◆ About this exercise:
Each line, starting at the one with "Desktop Screenshot of" and running to the end of the data below, is to be set down again exactly, both ends included; leave pictures out.

◆ Image-text web data:
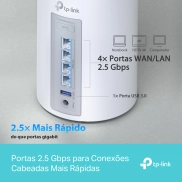 TP-Link Deco BE65: Servidor y Cliente VPN, Nuevo Sistema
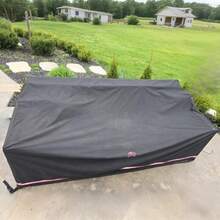 Funda para sofá de Turtle Life EVO Negro 104x40x35in - Negro - Ver 6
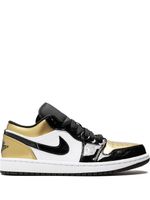 Jordan baskets Air Jordan 1 Low - Noir - thumbnail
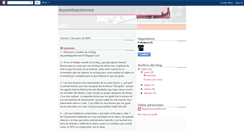 Desktop Screenshot of deyanetlopezherrera10.blogspot.com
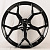 KoKo Kuture D5598 9j-20 5*112 ET32 d66.5 Gloss Black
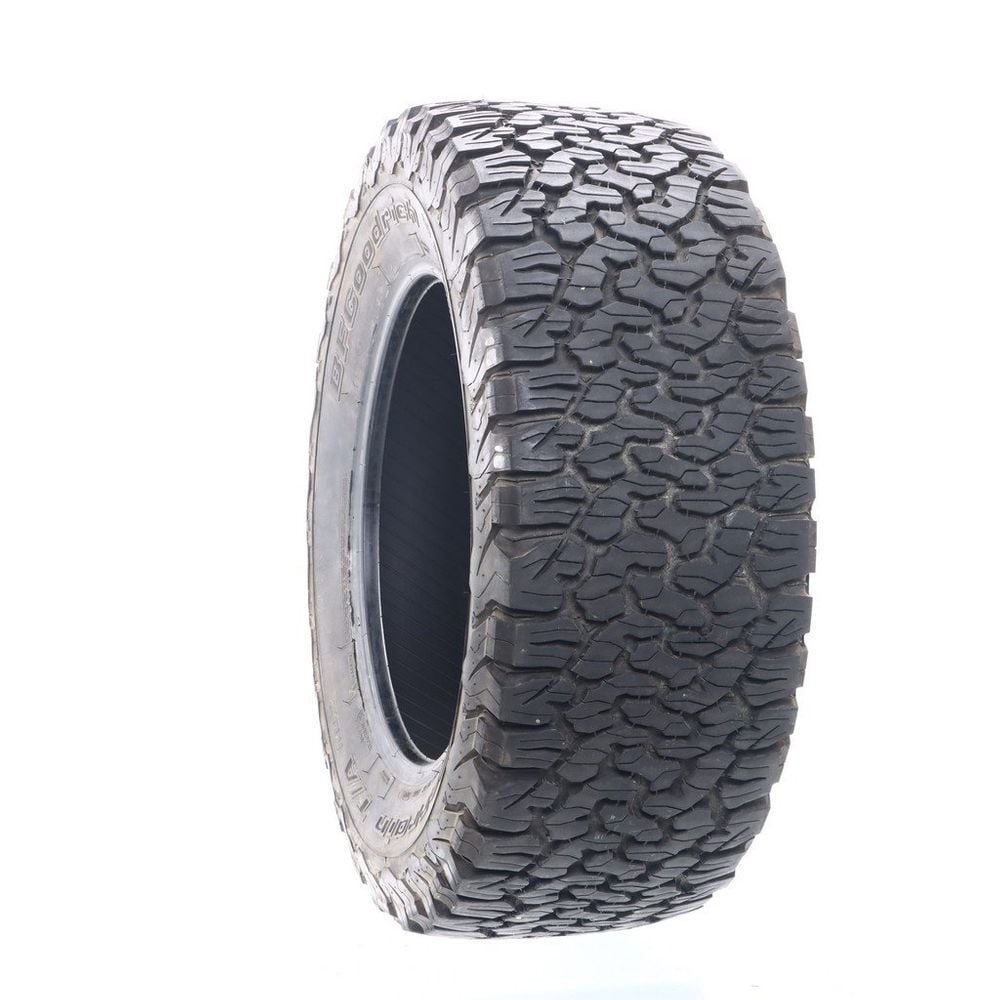 Set of (4) Used LT 35X12.5R20 BFGoodrich All-Terrain T/A KO2 121R E - 14-15/32 - Image 1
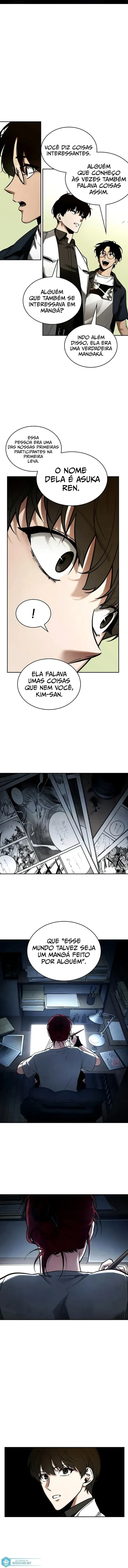 Read Ponto de Vista do Leitor Onisciente PT Manga Online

◆ Result for this task:
 Desktop Screenshot of deyanetlopezherrera10.blogspot.com
 KoKo Kuture D5598 9j-20 5*112 ET32 d66.5 Gloss Black
 Set of (4) Used LT 35X12.5R20 BFGoodrich All-Terrain T/A KO2 121R E - 14-15/32 - Image 1
 Read Ponto de Vista do Leitor Onisciente PT Manga Online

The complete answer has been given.